Chatbot come spazio di confidenza, ma rischio di isolamento

Un giovane giapponese confida in un chatbot, ma esperti mettono in guardia su rischi di isolamento.

Un giovane giapponese confida in un chatbot, mentre esperti mettono in guardia su rischi di isolamento
Un giovane giapponese confida in un chatbot, mentre esperti mettono in guardia su rischi di isolamento

Un giovane di vent’anni, studente in Giappone, confida in un chatbot: «posso confidarle qualsiasi cosa ed è brava a sostenermi». La relazione con l’intelligenza artificiale non è un sostituto per gli amici o la famiglia, ma un luogo in cui trovare la forza per parlare senza paura di essere giudicato. Il fenomeno, in crescita, ha suscitato preoccupazioni tra esperti, che mettono in guardia contro il rischio che il chatbot diventi una destinazione, non un ponte verso relazioni umane.

Un luogo per parlare senza paura

Per molti giovani, il chatbot rappresenta un’alternativa alla relazione con un essere umano, soprattutto quando il giudizio sembra insostenibile. «Davanti a un algoritmo non devo spiegare perché sono rimasto indietro, rassicurare i genitori o dimostrare di avere già trovato una strada», racconta il ragazzo. La macchina è sempre disponibile, non interrompe e non espone subito chi parla alle conseguenze di una relazione umana. Questo rischio sociale minore rende il chatbot un’opzione sempre più attraente, soprattutto per chi si sente isolato. Il rischio è che il chatbot diventi una destinazione invece di un ponte. Quando l’algoritmo non prepara più un incontro con qualcuno, ma lo sostituisce, la funzione dello strumento cambia. Kubota individua qui una delle conseguenze più delicate: «Il primo rischio è il rafforzamento dell’evitamento». Una persona che teme il giudizio può scoprire che parlare con una macchina è più facile che con un essere umano. Se diventa abituale, può rendere più facile evitare ciò che fa paura: una telefonata, un incontro, una richiesta di aiuto.

Un fenomeno globale, ma con radici giapponesi

Il Giappone, con il fenomeno del hikikomori, ha da tempo conosciuto le conseguenze dell’isolamento sociale. Secondo un’indagine nazionale, circa 1,46 milioni di persone tra i 15 e i 64 anni si trovano in questa condizione. Organizzazioni come Sodateage net cercano di intercettare questa zona, spesso legata a problemi di bullismo, fallimenti ripetuti o difficoltà familiari. «Spesso è una strategia di sopravvivenza», spiega Hiroki Koshi, program coordinator dell’organizzazione.

La ricerca del Gakken educational research institute conferma che il 73,7% degli studenti delle scuole superiori utilizza chatbot di IA e il 24,3% li usa per «consultarsi sui propri problemi o per counseling». In Italia, un’indagine di Save the Children rileva che il 41,8% degli adolescenti tra i 15 e i 19 anni si è rivolto all’IA quando era triste, solo o ansioso. «Il 63,5% ha trovato almeno qualche volta più soddisfacente confrontarsi con un sistema artificiale che con una persona reale», sottolinea il rapporto. Tuttavia, il dato non indica una generazione priva di relazioni: il 86,3% degli 11-19enni ha almeno un amico con cui confidarsi.

Non tutti i giovani si affidano al chatbot come unica via di fuga. Un ragazzo giapponese, che ha passato molto tempo a guardarsi dentro, ha tentato il suicidio in alcuni periodi. A salvarlo non è stato un algoritmo, ma i genitori. «Entrambi mi dicevano che per loro bastava che fossi vivo», racconta. La scrittura è diventata un modo per mettere ordine tra fatti ed emozioni.

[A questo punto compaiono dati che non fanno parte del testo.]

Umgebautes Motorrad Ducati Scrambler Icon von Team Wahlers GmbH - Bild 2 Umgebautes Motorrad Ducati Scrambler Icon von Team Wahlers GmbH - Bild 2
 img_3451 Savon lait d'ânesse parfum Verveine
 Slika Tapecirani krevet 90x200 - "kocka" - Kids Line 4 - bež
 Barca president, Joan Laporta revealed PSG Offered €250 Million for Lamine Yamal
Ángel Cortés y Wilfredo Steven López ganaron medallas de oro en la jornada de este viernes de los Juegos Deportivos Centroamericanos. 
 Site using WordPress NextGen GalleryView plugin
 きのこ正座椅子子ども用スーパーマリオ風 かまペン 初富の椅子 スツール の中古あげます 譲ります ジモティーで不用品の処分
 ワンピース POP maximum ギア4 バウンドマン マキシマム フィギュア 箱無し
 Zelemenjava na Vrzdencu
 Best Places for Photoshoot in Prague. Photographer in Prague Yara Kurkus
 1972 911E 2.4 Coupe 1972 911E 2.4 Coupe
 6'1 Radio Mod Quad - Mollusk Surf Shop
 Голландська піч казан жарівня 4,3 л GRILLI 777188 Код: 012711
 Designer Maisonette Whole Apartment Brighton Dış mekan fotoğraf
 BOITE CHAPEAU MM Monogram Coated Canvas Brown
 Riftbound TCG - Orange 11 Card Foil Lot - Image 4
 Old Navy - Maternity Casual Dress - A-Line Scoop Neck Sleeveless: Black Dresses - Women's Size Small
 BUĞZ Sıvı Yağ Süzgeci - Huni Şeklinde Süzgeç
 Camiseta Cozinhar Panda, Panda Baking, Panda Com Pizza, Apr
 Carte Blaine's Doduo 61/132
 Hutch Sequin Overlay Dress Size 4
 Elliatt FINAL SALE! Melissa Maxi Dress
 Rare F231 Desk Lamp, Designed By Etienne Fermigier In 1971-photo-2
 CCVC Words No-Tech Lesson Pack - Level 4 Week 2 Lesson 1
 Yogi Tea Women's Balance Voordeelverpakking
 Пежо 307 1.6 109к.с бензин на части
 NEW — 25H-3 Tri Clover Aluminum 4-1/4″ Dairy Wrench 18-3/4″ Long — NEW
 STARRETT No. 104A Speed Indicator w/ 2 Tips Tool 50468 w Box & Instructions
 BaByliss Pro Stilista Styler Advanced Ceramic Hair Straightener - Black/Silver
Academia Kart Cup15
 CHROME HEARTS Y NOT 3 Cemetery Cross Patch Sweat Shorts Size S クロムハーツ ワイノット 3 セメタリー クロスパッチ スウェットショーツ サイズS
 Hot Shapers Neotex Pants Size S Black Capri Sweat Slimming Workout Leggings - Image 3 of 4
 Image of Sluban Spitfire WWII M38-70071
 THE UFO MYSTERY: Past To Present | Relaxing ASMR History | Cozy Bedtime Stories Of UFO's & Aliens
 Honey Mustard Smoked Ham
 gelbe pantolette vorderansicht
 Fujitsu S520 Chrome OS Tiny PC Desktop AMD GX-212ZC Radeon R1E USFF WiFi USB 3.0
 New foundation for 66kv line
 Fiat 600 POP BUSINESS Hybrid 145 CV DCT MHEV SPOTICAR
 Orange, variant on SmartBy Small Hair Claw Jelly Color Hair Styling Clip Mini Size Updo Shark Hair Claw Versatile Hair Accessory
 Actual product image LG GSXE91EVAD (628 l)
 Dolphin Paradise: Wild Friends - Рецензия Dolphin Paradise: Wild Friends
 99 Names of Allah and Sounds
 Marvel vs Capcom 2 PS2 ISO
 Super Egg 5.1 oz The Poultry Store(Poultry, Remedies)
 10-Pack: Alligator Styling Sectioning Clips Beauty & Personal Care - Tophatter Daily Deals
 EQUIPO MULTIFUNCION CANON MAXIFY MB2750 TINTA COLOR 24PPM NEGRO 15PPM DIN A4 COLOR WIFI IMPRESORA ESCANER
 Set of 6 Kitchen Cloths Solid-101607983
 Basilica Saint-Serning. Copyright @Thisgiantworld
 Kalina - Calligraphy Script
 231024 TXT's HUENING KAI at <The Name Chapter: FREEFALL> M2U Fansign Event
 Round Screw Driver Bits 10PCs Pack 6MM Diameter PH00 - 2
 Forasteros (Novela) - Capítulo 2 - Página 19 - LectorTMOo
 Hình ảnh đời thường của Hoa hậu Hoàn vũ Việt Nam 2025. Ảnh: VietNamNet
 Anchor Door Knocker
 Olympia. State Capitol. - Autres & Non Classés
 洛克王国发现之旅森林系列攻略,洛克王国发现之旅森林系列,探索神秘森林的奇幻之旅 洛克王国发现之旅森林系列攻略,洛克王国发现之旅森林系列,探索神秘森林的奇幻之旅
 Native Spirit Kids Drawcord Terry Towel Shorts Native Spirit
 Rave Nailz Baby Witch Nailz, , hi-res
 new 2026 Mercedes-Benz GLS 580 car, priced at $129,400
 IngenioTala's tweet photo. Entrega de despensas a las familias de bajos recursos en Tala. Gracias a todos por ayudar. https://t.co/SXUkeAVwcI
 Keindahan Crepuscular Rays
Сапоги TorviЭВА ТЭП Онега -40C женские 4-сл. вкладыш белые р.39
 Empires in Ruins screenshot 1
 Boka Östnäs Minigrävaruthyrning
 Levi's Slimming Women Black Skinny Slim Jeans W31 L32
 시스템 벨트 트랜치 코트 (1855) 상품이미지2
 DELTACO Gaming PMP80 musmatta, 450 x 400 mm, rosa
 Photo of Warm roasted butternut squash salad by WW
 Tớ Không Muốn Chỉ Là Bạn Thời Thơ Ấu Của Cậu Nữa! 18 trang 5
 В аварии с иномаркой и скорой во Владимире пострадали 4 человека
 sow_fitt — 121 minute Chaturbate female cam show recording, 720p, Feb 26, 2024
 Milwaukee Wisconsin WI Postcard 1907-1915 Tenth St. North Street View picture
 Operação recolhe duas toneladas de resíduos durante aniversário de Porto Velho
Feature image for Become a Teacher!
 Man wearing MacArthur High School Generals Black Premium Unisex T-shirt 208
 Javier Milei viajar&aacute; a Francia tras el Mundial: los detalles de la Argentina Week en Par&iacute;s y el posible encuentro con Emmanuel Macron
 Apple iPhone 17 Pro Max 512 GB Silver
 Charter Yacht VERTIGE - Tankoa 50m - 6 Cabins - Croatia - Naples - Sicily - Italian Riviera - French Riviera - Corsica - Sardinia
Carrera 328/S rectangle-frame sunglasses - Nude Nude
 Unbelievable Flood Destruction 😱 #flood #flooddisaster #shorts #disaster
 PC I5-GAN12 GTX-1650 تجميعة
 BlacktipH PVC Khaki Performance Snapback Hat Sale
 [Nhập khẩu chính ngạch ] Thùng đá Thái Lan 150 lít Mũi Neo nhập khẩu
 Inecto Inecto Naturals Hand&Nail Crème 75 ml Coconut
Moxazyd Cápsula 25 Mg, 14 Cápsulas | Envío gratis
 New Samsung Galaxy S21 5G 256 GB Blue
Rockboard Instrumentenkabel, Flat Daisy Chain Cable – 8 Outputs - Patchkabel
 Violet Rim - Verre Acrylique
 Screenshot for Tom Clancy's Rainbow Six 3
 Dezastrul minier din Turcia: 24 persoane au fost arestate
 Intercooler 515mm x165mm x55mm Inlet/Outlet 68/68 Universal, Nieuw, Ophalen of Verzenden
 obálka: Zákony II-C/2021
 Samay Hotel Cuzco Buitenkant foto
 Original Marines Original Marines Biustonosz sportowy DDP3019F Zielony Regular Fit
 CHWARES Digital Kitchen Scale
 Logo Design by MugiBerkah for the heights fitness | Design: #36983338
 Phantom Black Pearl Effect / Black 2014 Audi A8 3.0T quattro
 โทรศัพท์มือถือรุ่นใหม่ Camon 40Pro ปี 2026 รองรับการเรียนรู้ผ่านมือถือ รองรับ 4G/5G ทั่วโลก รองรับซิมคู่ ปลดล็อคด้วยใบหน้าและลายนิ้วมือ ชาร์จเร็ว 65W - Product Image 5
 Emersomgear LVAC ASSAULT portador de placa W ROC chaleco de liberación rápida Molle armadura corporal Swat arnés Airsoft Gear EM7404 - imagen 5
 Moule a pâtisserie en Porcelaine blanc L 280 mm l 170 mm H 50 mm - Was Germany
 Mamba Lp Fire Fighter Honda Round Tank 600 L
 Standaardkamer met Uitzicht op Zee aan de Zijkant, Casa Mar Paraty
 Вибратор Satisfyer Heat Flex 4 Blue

Quando la sofferenza è diventata estrema, ciò che ha fatto la differenza non è stata una risposta perfetta, ma una relazione umana.

La questione non è se l’IA sostituirà gli amici, la famiglia o gli psicologi. È capire perché, per un giovane che si sente rimasto indietro, raccontare la propria sofferenza a una macchina possa essere diventato più facile che raccontarla a una persona. Il Giappone mostra cosa succede quando quel luogo comincia a essere una macchina. Non perché le macchine abbiano imparato a sostituire gli esseri umani, ma perché alcuni esseri umani, prima ancora di poter tornare verso gli altri, hanno bisogno di un posto in cui riuscire finalmente a parlare.